Auch beeilten sich Trumps Anwälte nach dem Urteilsspruch des Obersten Gerichtshofs, die strafrechtliche Verurteilung Trumps durch das Bezirksgericht in Manhattan aufheben zu lassen. Trump war von einer Geschworenenjury im Zusammenhang mit der Vertuschung der Affäre mit einer Porno-Darstellerin vor den Wahlen 2016 in allen 34 Punkten für schuldig gesprochen worden. Das Strafmaß wollte der Richter am 11. Juli verkünden. Ob es dabei bleibt, ist fraglich.
Biden warnt vor "gefährlichem Präzedenzfall"
Präsident Biden hielt sich bislang mit deutlicher Kritik an Urteilen des Obersten Gerichtshofs zurück. Er vermied es, das Ansehen des Supreme Court zu beschädigen, gehört doch der Oberste Gerichtshof zu den wichtigsten Institutionen der amerikanischen Gewaltenteilung.

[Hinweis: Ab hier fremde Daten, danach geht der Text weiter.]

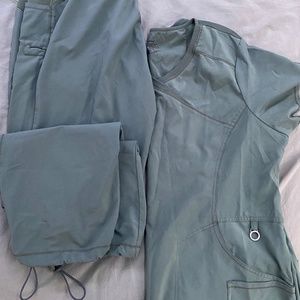 Cherokee Infinity Scrub Set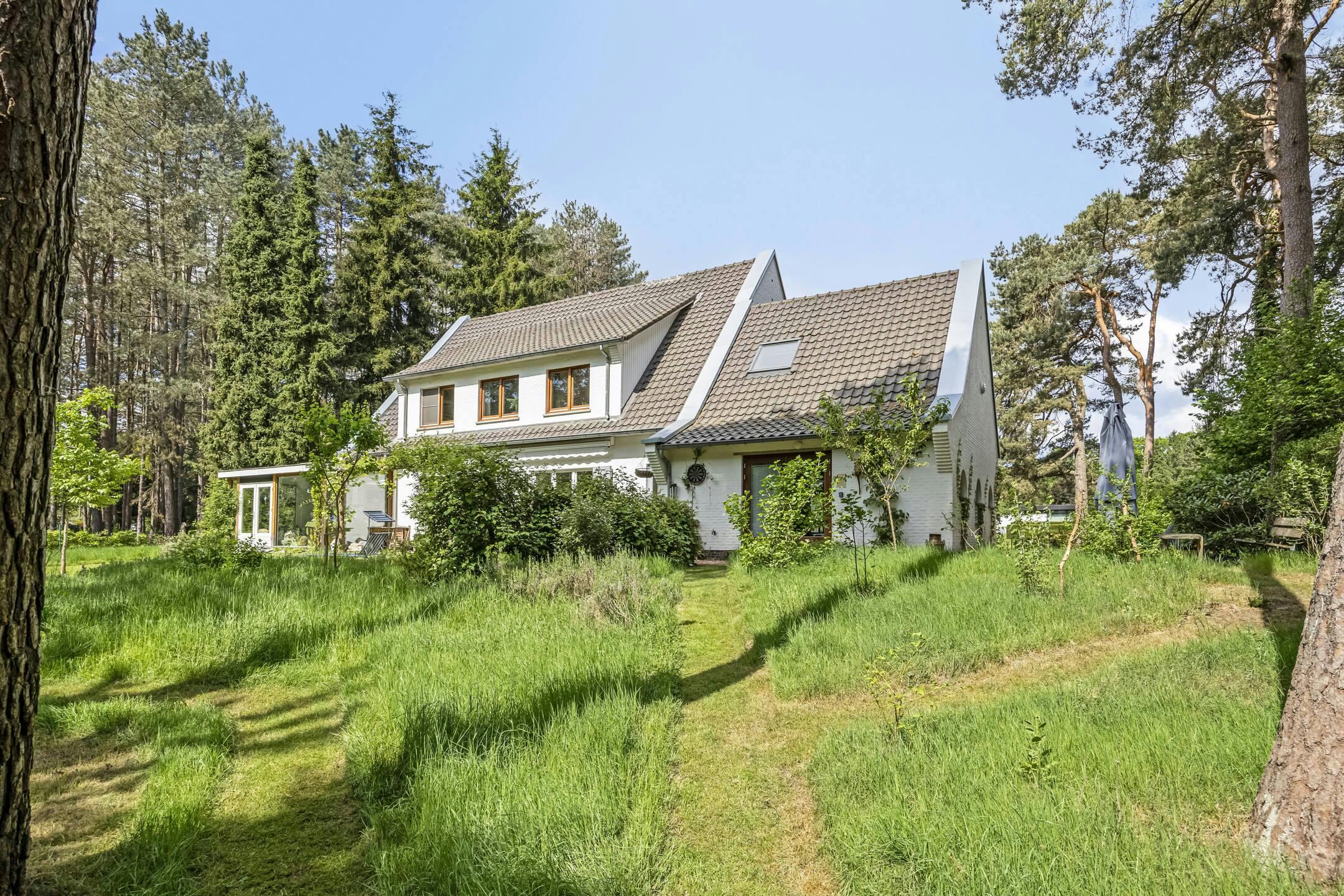 Villa met vakantiewoning te koop in Maasmechelen foto 31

Am Montagabend jedoch machte Biden aus seiner Ablehnung des Urteils keinen Hehl: Das Gericht habe einen gefährlichen Präzedenzfall geschaffen, der das Amt des Präsidenten grundlegend verändern könnte. "Für alle praktischen Zwecke bedeutet die heutige Entscheidung mit ziemlicher Sicherheit, dass es praktisch keine Grenzen für das gibt, was der Präsident tun kann", sagte Biden im Weißen Haus.
Der US-Präsident, der sich nach seinem arg verunsichernden TV-Duell mit Trump in der vergangenen Woche nunmehr kämpferisch gibt, rief die Wähler auf, das zu tun, was der Oberste Gerichtshof nicht getan habe: Das amerikanische Volk solle im November entscheide, "ob Donald Trumps Angriff auf unsere Demokratie am 6. Januar (2021) ihn für ein öffentliches Amt im höchsten Amt des Landes untauglich macht", so Biden. Dies sei wichtiger denn je, "jetzt, wo das Volk weiß, dass Trump noch ermutigter sein wird, zu tun, was immer er will, wann immer er es will".